Accelerated diffusion models hold the potential to significantly enhance the efficiency of standard diffusion processes. Theoretically, these models have been shown to achieve faster convergence rates than the standard $\mathcal O(1/\epsilon^2)$ rate of vanilla diffusion models, where $\epsilon$ denotes the target accuracy. However, current theoretical studies have established the acceleration advantage only for restrictive target distribution classes, such as those with smoothness conditions imposed along the entire sampling path or with bounded support. In this work, we significantly broaden the target distribution classes with a new accelerated stochastic DDPM sampler. In particular, we show that it achieves accelerated performance for three broad distribution classes not considered before. Our first class relies on the smoothness condition posed only to the target density $q_0$, which is far more relaxed than the existing smoothness conditions posed to all $q_t$ along the entire sampling path. Our second class requires only a finite second moment condition, allowing for a much wider class of target distributions than the existing finite-support condition. Our third class is Gaussian mixture, for which our result establishes the first acceleration guarantee. Moreover, among accelerated DDPM type samplers, our results specialized for bounded-support distributions show an improved dependency on the data dimension $d$. Our analysis introduces a novel technique for establishing performance guarantees via constructing a tilting factor representation of the convergence error and utilizing Tweedie's formula to handle Taylor expansion terms. This new analytical framework may be of independent interest.

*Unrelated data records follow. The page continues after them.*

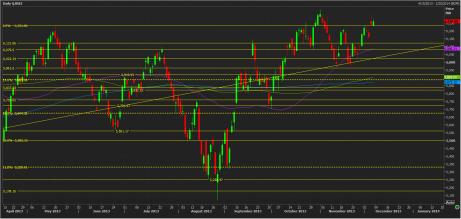 Name:  nifty_technical_analysis_9th_dec.jpg
Views: 130
Size:  20.4 KB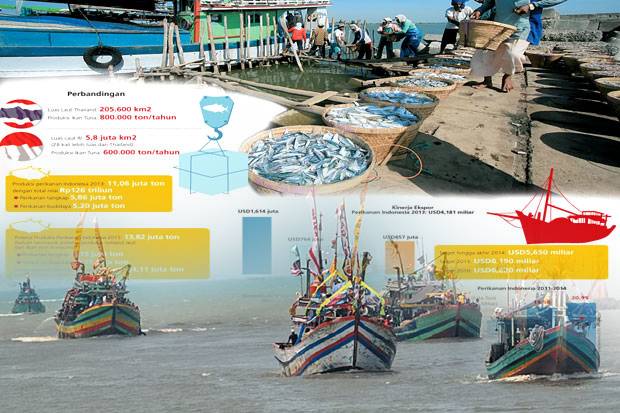 Nelayan Jangan Takut Ikan Tak Terserap, Ada Pasar Laut dan Sistem Resi Gudang Ikan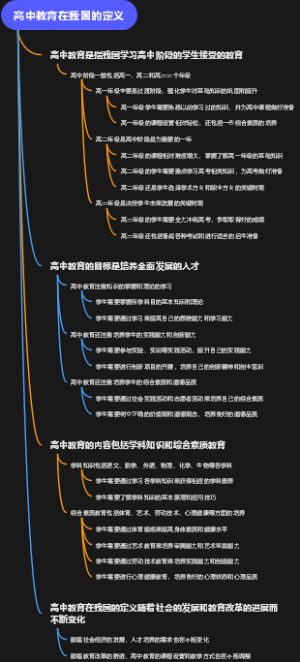 高中教育在我国的定义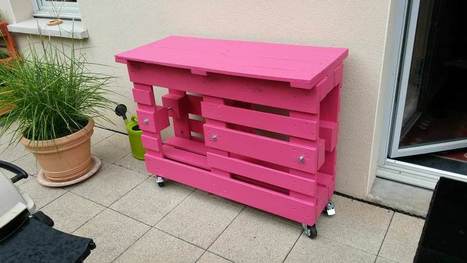 Outdoor Pallet Bar On Wheels | 1001 Pallets ideas ! | Scoop.it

翻译：加速扩散模型具有显著提升标准扩散过程效率的潜力。理论上，这些模型已被证明能够实现比标准扩散模型$\mathcal O(1/\epsilon^2)$更快的收敛速率，其中$\epsilon$表示目标精度。然而，当前的理论研究仅在受限的目标分布类别中确立了加速优势，例如在整个采样路径上施加平滑性条件或具有有界支撑的分布类别。在本工作中，我们通过一种新的加速随机DDPM采样器显著扩展了目标分布类别。具体而言，我们证明了该采样器在三个先前未被考虑的广泛分布类别中实现了加速性能。我们的第一类分布仅要求目标密度$q_0$满足平滑性条件，这比现有要求整个采样路径上所有$q_t$均满足平滑性的条件更为宽松。第二类分布仅需有限二阶矩条件，相比现有的有限支撑条件，允许更广泛的目标分布类别。第三类分布为高斯混合分布，我们的结果为此建立了首个加速保证。此外，在针对有界支撑分布的特化结果中，我们的分析显示出对数据维度$d$依赖关系的改进。我们的分析引入了一种新技术，通过构建收敛误差的倾斜因子表示并利用Tweedie公式处理泰勒展开项来建立性能保证。这一新的分析框架可能具有独立的研究价值。